Saved entries
____
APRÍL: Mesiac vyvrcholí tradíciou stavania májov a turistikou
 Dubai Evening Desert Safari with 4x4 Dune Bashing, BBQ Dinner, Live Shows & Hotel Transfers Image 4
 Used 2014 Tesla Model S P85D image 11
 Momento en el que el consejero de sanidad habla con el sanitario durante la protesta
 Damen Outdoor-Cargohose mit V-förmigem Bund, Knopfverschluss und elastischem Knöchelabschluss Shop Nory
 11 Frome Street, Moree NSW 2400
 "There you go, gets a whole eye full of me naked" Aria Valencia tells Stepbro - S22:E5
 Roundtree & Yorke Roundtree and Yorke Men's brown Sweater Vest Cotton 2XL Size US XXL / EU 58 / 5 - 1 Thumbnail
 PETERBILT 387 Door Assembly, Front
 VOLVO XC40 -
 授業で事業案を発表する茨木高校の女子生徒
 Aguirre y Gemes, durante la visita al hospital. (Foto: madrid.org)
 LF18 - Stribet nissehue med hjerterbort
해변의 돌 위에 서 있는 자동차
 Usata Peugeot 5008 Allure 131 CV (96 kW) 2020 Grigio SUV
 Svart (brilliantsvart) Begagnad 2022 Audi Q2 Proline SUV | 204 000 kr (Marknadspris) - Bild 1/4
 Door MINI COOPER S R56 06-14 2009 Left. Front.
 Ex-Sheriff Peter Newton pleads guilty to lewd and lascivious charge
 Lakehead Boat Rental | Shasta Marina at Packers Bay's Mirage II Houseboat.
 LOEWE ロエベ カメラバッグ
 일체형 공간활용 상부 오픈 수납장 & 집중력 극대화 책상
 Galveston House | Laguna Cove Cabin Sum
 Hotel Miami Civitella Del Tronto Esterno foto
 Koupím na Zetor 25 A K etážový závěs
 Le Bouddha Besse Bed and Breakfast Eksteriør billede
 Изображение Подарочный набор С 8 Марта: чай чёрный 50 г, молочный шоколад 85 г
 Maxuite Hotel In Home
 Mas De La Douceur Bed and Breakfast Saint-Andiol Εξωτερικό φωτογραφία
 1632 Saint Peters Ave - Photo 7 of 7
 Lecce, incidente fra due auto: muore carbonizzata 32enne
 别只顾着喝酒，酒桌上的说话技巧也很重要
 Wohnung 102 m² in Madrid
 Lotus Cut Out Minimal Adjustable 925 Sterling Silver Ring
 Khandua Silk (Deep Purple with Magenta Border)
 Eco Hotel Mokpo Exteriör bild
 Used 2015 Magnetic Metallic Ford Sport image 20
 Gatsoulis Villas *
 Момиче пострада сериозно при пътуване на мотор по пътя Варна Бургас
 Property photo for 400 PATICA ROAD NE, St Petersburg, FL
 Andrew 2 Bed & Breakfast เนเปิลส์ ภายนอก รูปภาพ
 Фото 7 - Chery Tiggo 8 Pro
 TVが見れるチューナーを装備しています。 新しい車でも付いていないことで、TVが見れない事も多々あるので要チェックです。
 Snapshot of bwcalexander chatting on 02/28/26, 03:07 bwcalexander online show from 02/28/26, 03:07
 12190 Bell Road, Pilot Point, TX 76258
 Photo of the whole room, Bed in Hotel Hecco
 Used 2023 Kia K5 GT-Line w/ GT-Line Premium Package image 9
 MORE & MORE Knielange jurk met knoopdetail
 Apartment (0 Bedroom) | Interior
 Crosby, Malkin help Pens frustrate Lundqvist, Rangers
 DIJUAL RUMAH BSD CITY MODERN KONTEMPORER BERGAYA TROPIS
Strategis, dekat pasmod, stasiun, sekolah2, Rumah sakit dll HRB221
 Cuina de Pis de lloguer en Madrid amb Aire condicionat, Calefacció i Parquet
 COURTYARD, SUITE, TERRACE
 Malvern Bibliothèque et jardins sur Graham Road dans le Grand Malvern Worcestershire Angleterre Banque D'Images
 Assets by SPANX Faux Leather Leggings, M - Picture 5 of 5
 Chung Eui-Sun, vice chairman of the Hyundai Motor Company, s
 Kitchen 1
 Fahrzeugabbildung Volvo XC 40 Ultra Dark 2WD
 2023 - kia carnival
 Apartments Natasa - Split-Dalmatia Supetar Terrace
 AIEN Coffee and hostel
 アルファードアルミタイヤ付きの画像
____
**About this task**
When the entries above show the word "durante" in a line, copy that line out.

**Task output**
 Momento en el que el consejero de sanidad habla con el sanitario durante la protesta
 Aguirre y Gemes, durante la visita al hospital. (Foto: madrid.org)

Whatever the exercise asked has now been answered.